Freya Pratty Williams

Freya Pratty Williams: learn how papers shape their international news coverage

Related project

In June 2019, the MediaLab Campus project awarded internship grants to ten female students and five male students studying journalism in schools across Europe and the Mediterranean and looking to undertake an internship in a foreign media outlet over the summer. Freya Pratty Williams, student at Sciences-Po Paris, in France, is interning at Daily Star in Beirut, Lebanon, in July / August 2019.

"The Medialab Campus scholarship has allowed me to spend two months in Beirut working at The Daily Star - a daily newspaper covering Lebanese current affairs and culture. I've been working on the Lebanon desk, writing features articles. I've written about a diverse range of subjects - from architecture to cliff diving and from ultra-running to virtual reality. My favourite piece was about Lebanon's bee population, exploring how the native bees are struggling to compete with an influx of bees from abroad, which are being brought to the country for their superior honey production levels.
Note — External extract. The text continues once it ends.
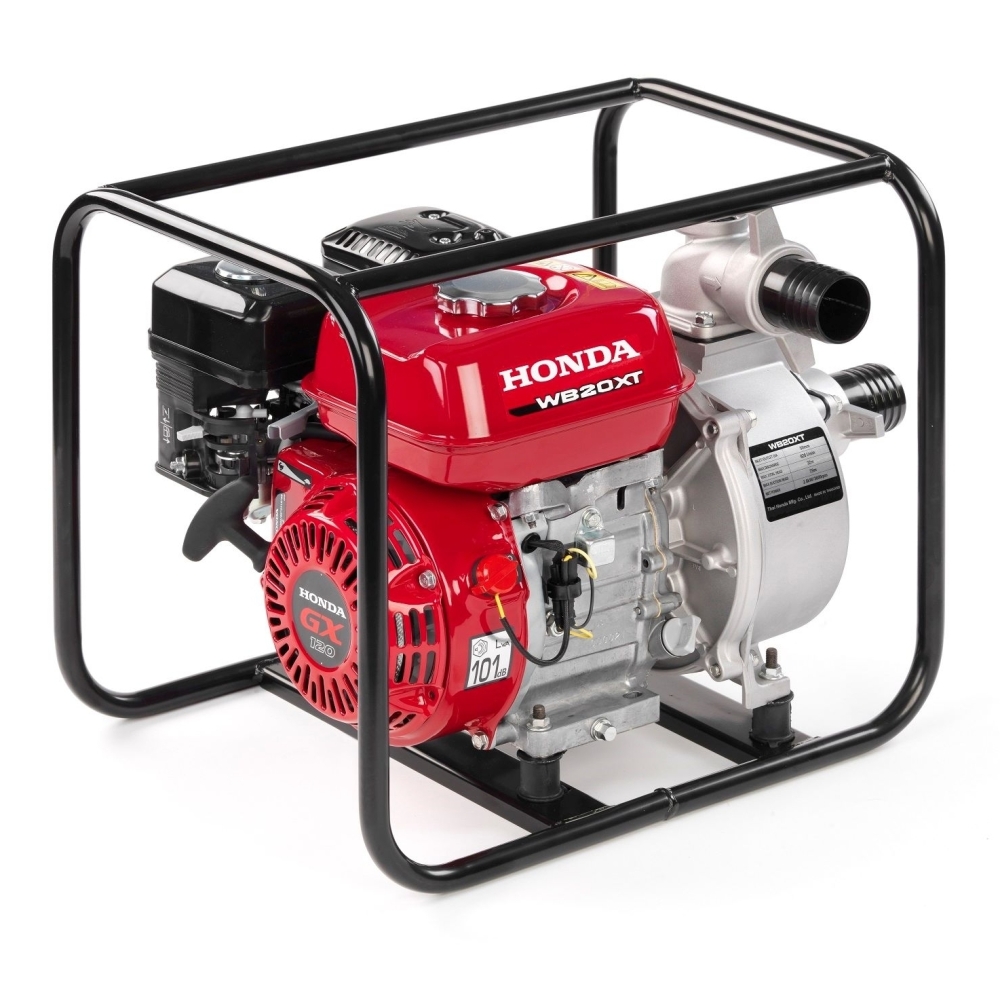Honda Power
The project meant I could travel to different parts of the country to interview beekeepers, visiting small villages I wouldn't have encountered as a tourist to the country. The story was also a great lesson in juggling two different opinions in an article - the beekeepers really didn't agree with each other! Through my other articles I've been able to travel to towns and cities across the country: Tripoli in the North, to Tyre in the South, to the Cedar forests and to the Bekaa valley.

Writing these articles has given me a wealth of experience in finding sources, interviewing people, fact checking and perfecting my written style. It's also been great to work with the paper's editors, who've provided valuable feedback on my work, and to work alongside other journalists, getting to see how they find stories and pursue investigations. Throughout my two months, I've also helped work on the paper's foreign desk, compiling articles about world events by using information from news agencies. This was useful because it helped me learn how papers shape their international news coverage to be regionally angled.

 

Image
Freya Pratty Williams

 

I also wrote an article about Idlib in Syria for the foreign desk, covering the three-day ceasefire there in August. I found sources in the province on Twitter and was able to speak to doctors and residents, as well as the Head of the Syrian Civil Defence- the 'White Helmets'. This was a great lesson in covering fast moving events- during the writing of the article the ceasefire was declared and then called off again, meaning I had to adapt my angle continually.

It's been an interesting two months to be in Lebanon for, with key political events happening frequently. Learning about the country from people living here has dwarfed the understanding I got from textbooks before I got here, and it's taught me to question the information we get projected to us from abroad. I've learnt a huge amount about what it's like to work as a journalist, including lots of practices which I foresee looking back on throughout my career as guidance. I am extremely grateful for the scholarship for enabling me to do this, I would have struggled to make these steps without it."